A bem da verdade, também existem privilégios nesta condição: sermos donos do tempo. Posso brincar com os meus filhos, ajudar nos banhos e preparar o jantar, deitá-los com uma história e até adormecer durante dez minutos. Posso trabalhar durante toda a noite enquanto eles dormem e voltar a ser apenas mãe quando eles acordam.

Nos meses em que ninguém responde aos apelos desesperados para que paguem, nos meses em que os trabalhos não aparecem, nos meses em que é preciso ir às poupanças buscar o dinheiro para pagar a segurança social, nesses meses desejo ter um emprego “normal” com um salário certo. Depois tenho medo de perder o tempo que me habituei a ter para os meus filhos e lembro-me de que já não já há empregos certos nem certezas de que o salário seja pago, e as dúvidas voltam todas. Todas menos uma: daqui a uns dias tenho que pagar a segurança social.
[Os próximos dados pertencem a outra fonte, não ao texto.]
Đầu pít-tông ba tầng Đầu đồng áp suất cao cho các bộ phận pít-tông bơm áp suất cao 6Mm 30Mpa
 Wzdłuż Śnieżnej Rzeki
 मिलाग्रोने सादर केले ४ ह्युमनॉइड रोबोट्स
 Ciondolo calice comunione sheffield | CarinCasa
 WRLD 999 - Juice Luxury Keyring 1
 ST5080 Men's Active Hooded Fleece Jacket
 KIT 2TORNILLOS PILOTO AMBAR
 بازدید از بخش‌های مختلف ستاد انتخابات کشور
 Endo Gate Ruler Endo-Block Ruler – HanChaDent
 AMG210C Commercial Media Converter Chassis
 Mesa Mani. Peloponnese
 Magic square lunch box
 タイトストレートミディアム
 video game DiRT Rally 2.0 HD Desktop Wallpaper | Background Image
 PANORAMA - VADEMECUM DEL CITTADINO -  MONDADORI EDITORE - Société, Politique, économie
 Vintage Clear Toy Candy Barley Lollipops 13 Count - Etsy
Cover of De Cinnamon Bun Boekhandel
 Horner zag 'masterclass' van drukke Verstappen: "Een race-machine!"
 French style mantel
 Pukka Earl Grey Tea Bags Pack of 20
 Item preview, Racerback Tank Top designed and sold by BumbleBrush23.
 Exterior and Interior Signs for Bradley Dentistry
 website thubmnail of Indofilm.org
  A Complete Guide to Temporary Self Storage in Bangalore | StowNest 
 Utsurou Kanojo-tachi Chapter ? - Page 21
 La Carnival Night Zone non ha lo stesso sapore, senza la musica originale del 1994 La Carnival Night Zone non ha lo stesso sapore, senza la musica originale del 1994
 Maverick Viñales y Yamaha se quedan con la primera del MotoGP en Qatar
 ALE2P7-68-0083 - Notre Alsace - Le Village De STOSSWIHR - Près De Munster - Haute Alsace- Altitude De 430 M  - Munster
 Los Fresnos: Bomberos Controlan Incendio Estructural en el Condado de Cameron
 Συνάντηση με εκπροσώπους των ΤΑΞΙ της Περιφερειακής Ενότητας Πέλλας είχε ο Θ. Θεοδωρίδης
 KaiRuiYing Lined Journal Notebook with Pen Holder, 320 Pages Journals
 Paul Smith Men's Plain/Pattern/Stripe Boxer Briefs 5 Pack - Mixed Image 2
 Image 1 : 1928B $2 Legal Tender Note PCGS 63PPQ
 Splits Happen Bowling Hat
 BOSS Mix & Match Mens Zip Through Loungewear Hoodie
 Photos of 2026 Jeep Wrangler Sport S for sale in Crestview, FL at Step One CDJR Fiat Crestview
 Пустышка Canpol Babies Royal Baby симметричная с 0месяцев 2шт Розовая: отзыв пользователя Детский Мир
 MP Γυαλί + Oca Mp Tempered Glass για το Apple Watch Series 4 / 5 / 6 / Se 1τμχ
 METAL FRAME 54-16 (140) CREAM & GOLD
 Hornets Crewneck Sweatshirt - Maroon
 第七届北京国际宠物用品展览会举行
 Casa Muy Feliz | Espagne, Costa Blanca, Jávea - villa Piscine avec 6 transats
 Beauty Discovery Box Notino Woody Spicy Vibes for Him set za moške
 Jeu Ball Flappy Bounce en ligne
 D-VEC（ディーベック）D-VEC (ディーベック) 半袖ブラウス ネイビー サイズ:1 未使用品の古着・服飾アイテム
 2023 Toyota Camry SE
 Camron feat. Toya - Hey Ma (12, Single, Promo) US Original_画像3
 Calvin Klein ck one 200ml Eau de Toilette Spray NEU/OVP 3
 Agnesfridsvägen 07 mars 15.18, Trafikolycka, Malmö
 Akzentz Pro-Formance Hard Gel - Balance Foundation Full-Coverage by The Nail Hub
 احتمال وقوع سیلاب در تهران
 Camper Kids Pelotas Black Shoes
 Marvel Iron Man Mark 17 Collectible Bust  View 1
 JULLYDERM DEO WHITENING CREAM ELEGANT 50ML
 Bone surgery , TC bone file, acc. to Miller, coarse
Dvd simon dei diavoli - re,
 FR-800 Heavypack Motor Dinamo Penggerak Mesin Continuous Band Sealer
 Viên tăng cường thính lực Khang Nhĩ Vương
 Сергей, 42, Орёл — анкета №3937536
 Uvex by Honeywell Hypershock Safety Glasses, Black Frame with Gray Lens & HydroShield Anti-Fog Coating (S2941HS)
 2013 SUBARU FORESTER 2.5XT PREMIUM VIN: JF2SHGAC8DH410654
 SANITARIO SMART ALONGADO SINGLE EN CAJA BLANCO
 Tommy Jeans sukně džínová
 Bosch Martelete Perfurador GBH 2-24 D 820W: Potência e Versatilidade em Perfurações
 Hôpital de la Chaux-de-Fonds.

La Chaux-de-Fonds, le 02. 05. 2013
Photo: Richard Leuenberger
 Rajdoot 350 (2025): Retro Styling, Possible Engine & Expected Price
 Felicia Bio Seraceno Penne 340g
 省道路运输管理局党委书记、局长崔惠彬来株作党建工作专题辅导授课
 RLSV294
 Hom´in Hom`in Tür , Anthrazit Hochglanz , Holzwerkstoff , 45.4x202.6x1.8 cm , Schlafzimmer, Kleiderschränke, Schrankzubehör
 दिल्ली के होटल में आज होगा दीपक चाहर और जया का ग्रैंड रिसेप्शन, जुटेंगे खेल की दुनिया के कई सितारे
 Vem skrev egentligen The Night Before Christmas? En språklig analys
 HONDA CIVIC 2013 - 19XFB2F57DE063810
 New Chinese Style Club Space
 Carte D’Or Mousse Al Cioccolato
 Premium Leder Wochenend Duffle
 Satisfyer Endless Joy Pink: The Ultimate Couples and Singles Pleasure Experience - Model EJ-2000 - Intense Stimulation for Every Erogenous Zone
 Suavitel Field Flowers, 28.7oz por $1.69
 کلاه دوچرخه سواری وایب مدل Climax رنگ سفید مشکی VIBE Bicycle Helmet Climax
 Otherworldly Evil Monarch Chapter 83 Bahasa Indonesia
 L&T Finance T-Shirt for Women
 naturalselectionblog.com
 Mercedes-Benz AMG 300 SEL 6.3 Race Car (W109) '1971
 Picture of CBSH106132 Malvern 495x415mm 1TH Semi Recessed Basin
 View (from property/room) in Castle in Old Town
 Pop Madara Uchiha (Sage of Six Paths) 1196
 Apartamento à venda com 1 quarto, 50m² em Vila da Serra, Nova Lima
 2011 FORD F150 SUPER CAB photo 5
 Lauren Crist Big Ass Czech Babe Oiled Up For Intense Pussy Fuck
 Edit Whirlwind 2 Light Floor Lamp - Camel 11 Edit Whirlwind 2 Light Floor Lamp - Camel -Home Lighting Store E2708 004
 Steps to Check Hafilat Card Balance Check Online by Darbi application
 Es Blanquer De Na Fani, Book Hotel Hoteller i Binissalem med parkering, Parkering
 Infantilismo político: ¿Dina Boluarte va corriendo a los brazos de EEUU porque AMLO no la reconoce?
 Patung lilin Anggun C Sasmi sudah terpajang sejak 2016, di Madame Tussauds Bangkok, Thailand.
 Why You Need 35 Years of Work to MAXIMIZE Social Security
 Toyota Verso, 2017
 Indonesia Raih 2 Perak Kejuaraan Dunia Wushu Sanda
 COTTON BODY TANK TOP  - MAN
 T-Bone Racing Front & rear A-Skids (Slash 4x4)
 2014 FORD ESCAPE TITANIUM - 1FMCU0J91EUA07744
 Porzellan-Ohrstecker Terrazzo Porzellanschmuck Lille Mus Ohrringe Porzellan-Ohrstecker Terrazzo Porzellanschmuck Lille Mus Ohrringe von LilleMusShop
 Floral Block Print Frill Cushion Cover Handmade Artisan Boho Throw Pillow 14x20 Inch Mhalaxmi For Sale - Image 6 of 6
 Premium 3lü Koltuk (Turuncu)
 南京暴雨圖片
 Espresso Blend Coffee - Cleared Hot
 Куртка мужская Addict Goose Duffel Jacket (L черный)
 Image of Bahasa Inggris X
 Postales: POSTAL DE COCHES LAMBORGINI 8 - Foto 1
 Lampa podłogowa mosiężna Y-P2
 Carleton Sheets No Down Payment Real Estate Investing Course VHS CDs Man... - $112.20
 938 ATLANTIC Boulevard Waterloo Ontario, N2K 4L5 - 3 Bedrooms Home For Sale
5 comentários em “[os meus medos: ter um emprego normal?]”

  1. Passo pelo mesmo dilema, mas do lado de quem trabalha das 9h às 18h (em versão estágio que está a terminar),que gosta do que faz, mas que adorava ter o privilégio de poder trabalhar em casa, gerir o seu tempo e ser mais produtiva.
    A sua escolha, a minha opinião (que vale o que vale), foi a mais acertada. Admiro e esforço e a irreverência que a opção acarreta.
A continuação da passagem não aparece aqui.